Stored items from a collection:
------------------------------------
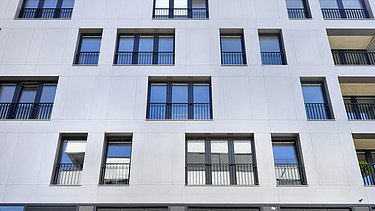 Foto des Gebäudes SKAIO Stadtsiedlung in Heilbronn. Man sieht ein mehrgeschossiges, weißes Gebäude und einen Fassadenausschnitt davon.
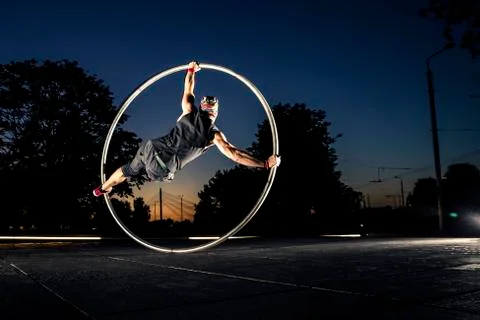 Cyr wheel performance session at night in Riga. Stock Photos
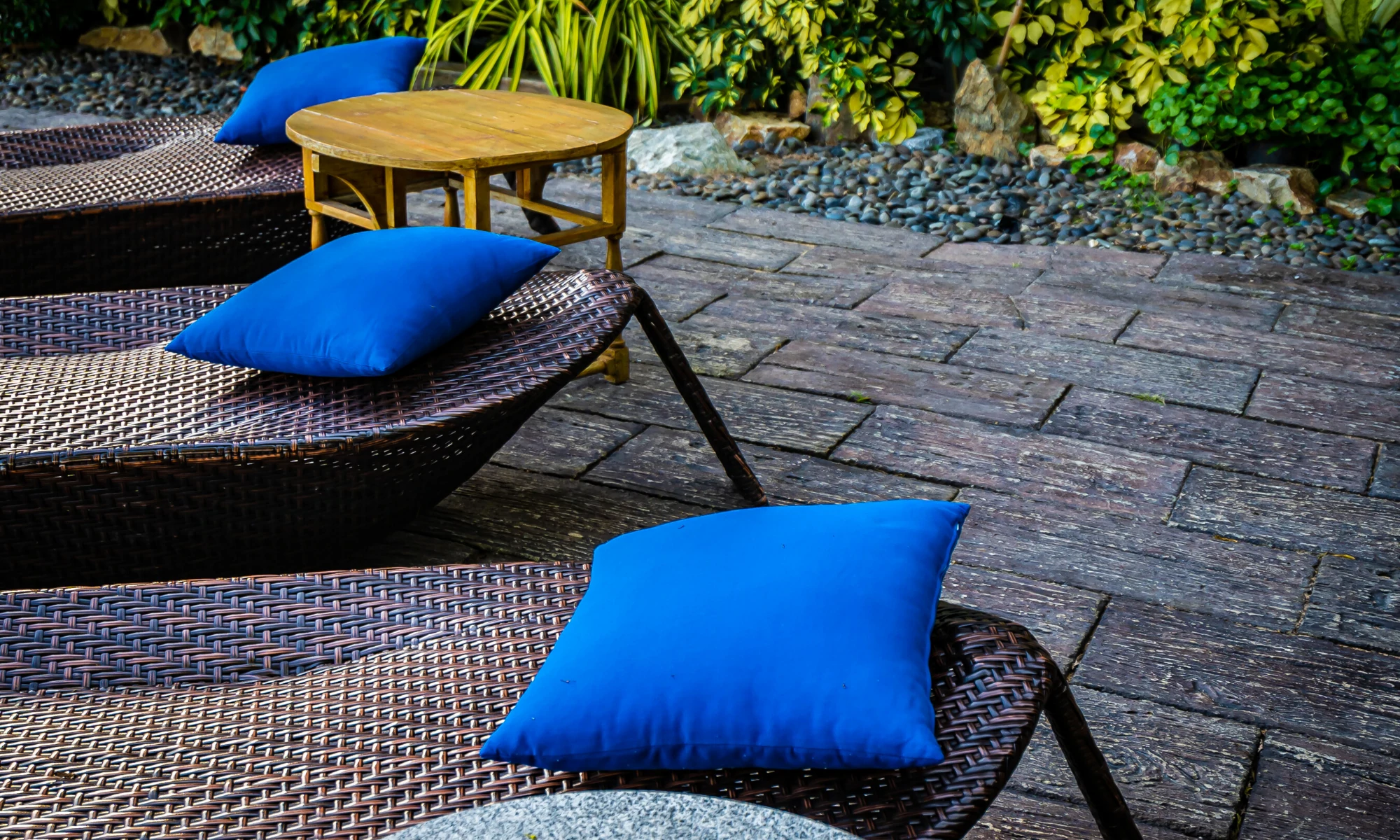 a row of wicker lounge chairs with blue cushions.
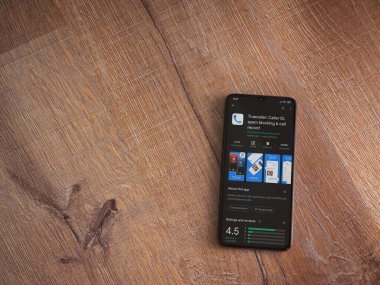 Lod, Israel - 8 Temmuz 2020: Truecaller uygulama oyun mağazası sayfası ahşap arka planda siyah bir cep telefonunun ekranında. Üst görünüm düzlüğü kopyalama alanı ile yatıyordu.
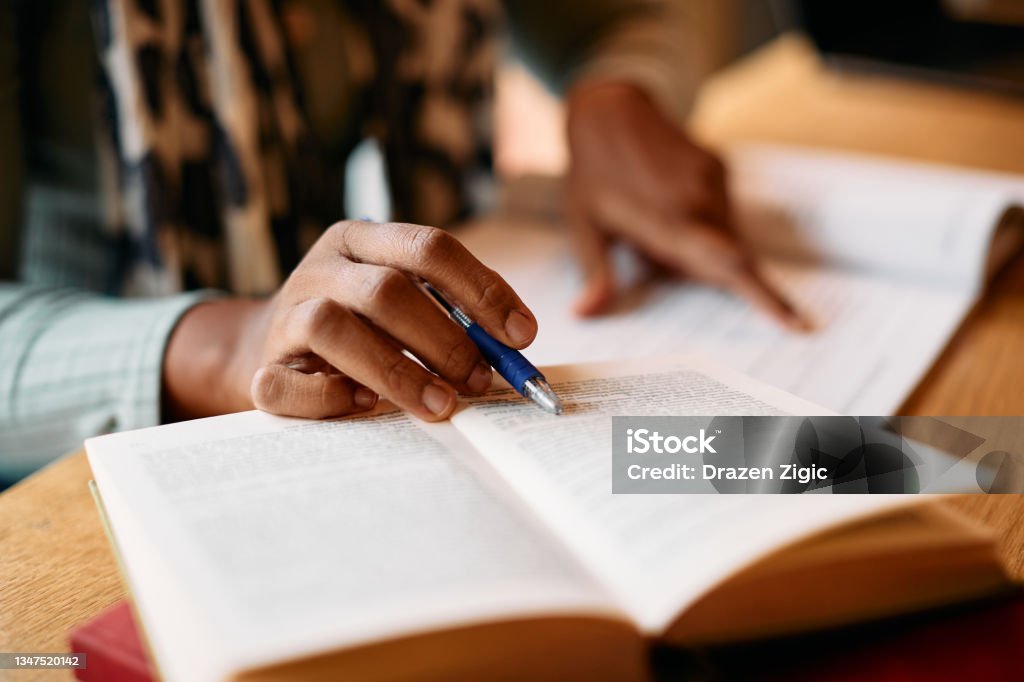 Close-up of African American woman doing some research in a library. Close-up of African American female student learning from books in a library. Studying Stock Photo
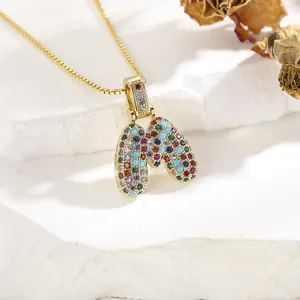 Macro detail of gold letter M pendant with colorful zircons on a white gypsum pedestal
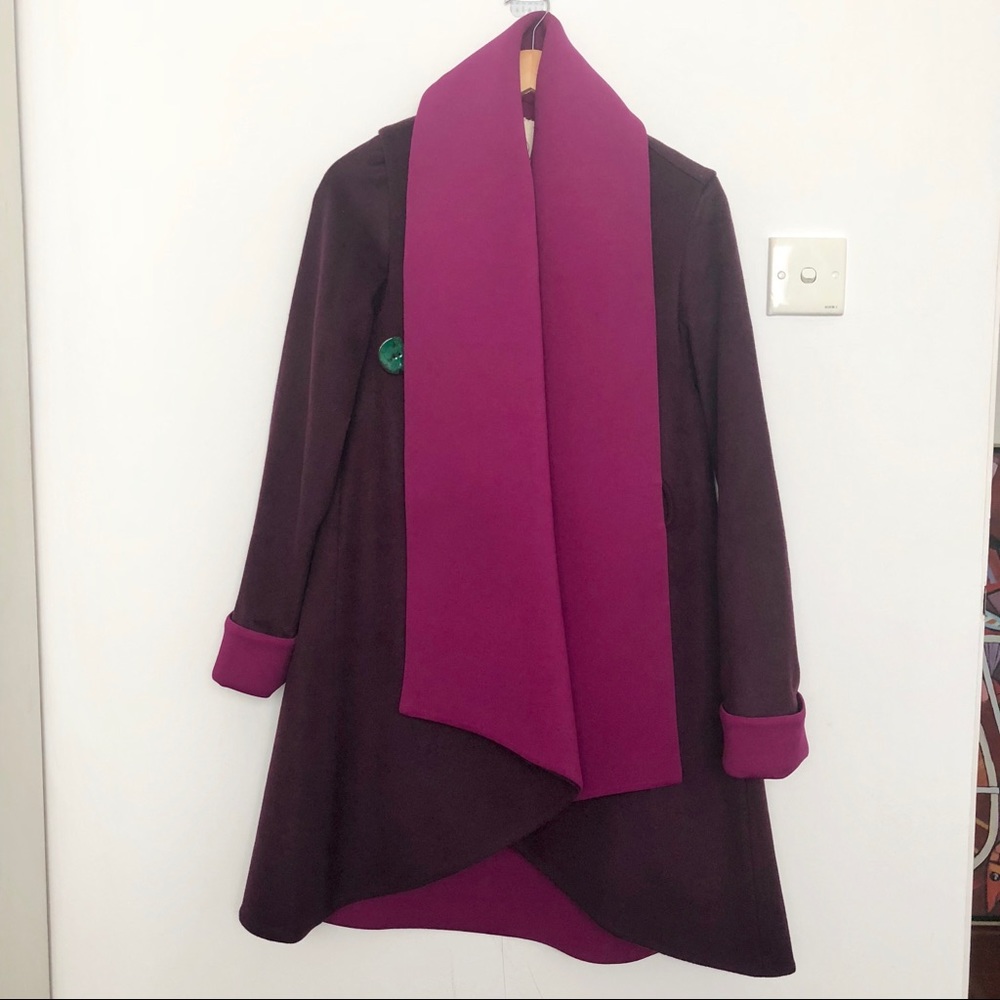 Deep purple wool coat with a fuchsia wide lapel
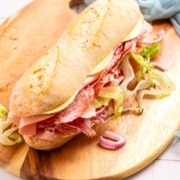 A sub sandwich on a wooden board.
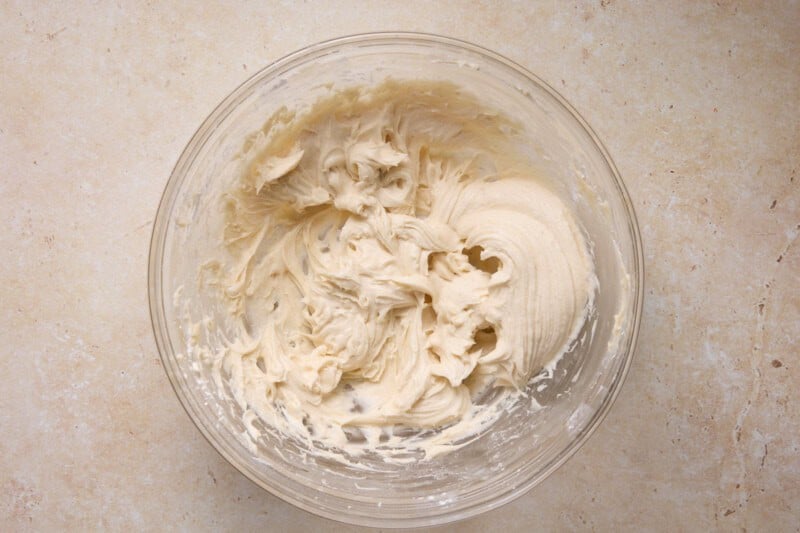 Brown butter cream cheese frosting in a glass bowl.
------------------------------------
* What the exercise asks: Look above for the line containing "Close-up of African American woman", then retype it and each line after it to the end of the records, exactly and without pictures.

* Task response:
 Close-up of African American woman doing some research in a library. Close-up of African American female student learning from books in a library. Studying Stock Photo
 Macro detail of gold letter M pendant with colorful zircons on a white gypsum pedestal
 Deep purple wool coat with a fuchsia wide lapel
 A sub sandwich on a wooden board.
 Brown butter cream cheese frosting in a glass bowl.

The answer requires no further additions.